Avi: Rust-Based Voice Assistant Framework

Last week, I started a project that I've been conceptualizing for some time now - Avi, an Autonomous Voice Interface. It's the next evolution of my previous work on ALEX, but completely reimagined in Rust for better performance, reliability, and scalability.

Why Rust?

The transition from Python to Rust wasn't just about following trends or anything like that. Voice assistants require consistent performance and reliable resource management, especially when I'm thinking about running this on everything from desktops to IoT nodes. Rust gives me memory safety without garbage collection, concurrency without data races, and the kind of performance that makes real-time voice processing viable on lower-powered devices.

When I was building ALEX in Python, I kept hitting performance bottlenecks, especially with concurrent operations and resource management. The need for multiple threads to handle voice processing, intent recognition, and skill execution would often lead to unpredictable behavior and memory issues under load. With Rust, I've already seen significant improvements in both performance and stability.

And I just wanted to learn something new, a new programming language. After spending so much time in Python, I started to feel kind of stuck.

Architecture Overview

I've built Avi with modularity in mind. Here's what I've implemented so far:

Intent Recognition System - The core of understanding voice commands

Created a flexible intent recognition mechanism that uses both pattern matching and regex for more natural language processing
Built a slot extraction system that pulls structured data from voice commands
Implemented contextual awareness to remember previous interactions and maintain conversation state

AviScript - A domain-specific language for defining assistant behaviors

Implemented custom syntax handlers for intuitive skill definition
Added support for event-driven programming with on_intent, on_start, and on_end hooks
Built in JSON handling for data interchange between components
Created a flexible macro system for dynamic internationalization and localization

Skill Framework - The modular extension system

Established a clean structure for skills with metadata, configuration, and implementation
Created a runtime environment for loading and executing skills dynamically
Developed a hot-reloading system for updating skills without restarting the assistant

What I'm particularly excited about is how the intent recognition system and the skills framework interact. The intent recognizer identifies what the user wants and extracts structured data (slots), which then gets passed to the appropriate skill for handling, that inside will run the avi script defined by the skill. Here I faced a dilemma. I was trying to make the AviScript Engine (which itself is based on the Rhai Engine) switch the source path because, as it was, it would try to load a module from the root path, not the skill path.
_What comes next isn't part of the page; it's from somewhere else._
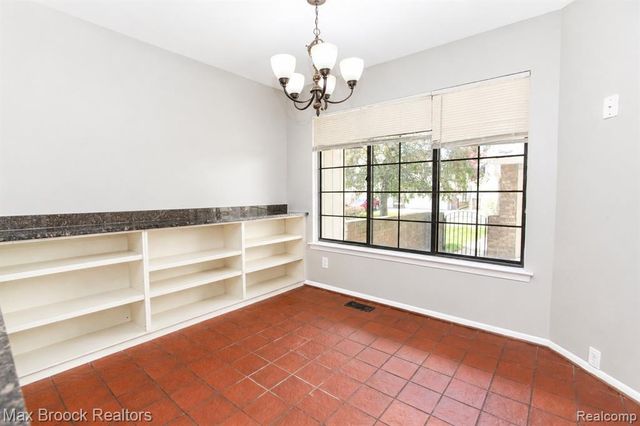 7139 Creeks Crossing, West Bloomfield, MI 48322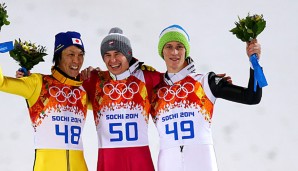 Von der Großschanze sichert sich der Pole Kamil Stoch (Mitte) vor Noriaki Kasai (l.) und dem Slowenen Peter Prevc Gold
So my workaround was that every skill object has its own engine. (I know it's wasting memory, but that seemed like the only solution). As it is right now, the skill object occupies only around 700 bytes, but we'll see later if I keep it or change it.

Code Deep Dive: Intent Recognition

The intent recognition system follows a domain-modeling approach where intents represent user intentions and slots capture the parameters. Here's how it works:

// A simplified view of the recognition flow
fn recognize(&self, text: &str) -> Vec<ExtractedSlots> {
    let mut results = Vec::new();

    for intent in &self.intent_manager.intents {
        // Try matching against patterns
        for pat in &intent.patterns {
            if let Some(slots) = self.slot_extractor.extract_from_pattern(
                pat, text, &intent.name, &intent.slots,
            ) {
                results.push(slots);
            }
        }

        // Try matching against regex patterns
        for rx in &intent.regex_patterns {
            if let Some(slots) = self.slot_extractor.extract_from_regex(
                rx, text, &intent.name, &intent.slots,
            ) {
                results.push(slots);
            }
        }
    }

    results
}

This function scans through defined intents and tries to match user input against both literal patterns and regex patterns. When a match is found, it extracts structured data into slots that can be used by skills.

AviScript: Avi DSL

AviScript is where I've really pushed myself. Creating a domain-specific language isn't easy, but it makes skill development so much more intuitive. Here's a simple example of what AviScript looks like:

on_intent "GetWeather" {
      let location = slot("location");
      let date = slot("date");

      // API call handling
      let weather_data = fetch_weather(location, date);

      if weather_data.success {
        say("In ${location} on ${date}, expect ${weather_data.conditions} with temperatures around ${weather_data.temperature}°");
      } else {
        say("I couldn't find weather information for ${location}");
      }
}

The parser for this syntax was particularly challenging to build; thankfully, I was able to find the Rhai Engine, this engine saved me a lot of time,Its very hard to get some features to work like event driven scripts and importing but it makes creating new skills much more accessible, even for developers who aren't familiar with Rust.

What's Next?

There's still a lot to do. Here's what I'm planning for the coming weeks:

Voice Processing Pipeline - Integrate wake word detection and speech-to-text
- Implement WebRTC-based voice activity detection
- Create a pluggable STT system with support for multiple engines
- Optimize wake word detection for low-power devices
Message Bus Implementation - Complete the event system for inter-module communication
- Implement publish/subscribe patterns for flexible communication
- Create a serialization layer for cross-device communication
- Build message routing and priority handling
Interface Development - Start work on CLI and web interfaces
- Design a reactive web interface using WebAssembly
- Create a TUI (Text User Interface) for headless systems
- Develop a voice-first interaction model
Skill Marketplace - Design the framework for sharing and installing skills
- Create a package format for skills
- Implement dependency resolution
- Build a secure sandboxing system for third-party skills

I'm also working on a more detailed design for the "Enclosure" concept - the idea that Avi can run on various physical devices with different capabilities, all connecting back to a central system.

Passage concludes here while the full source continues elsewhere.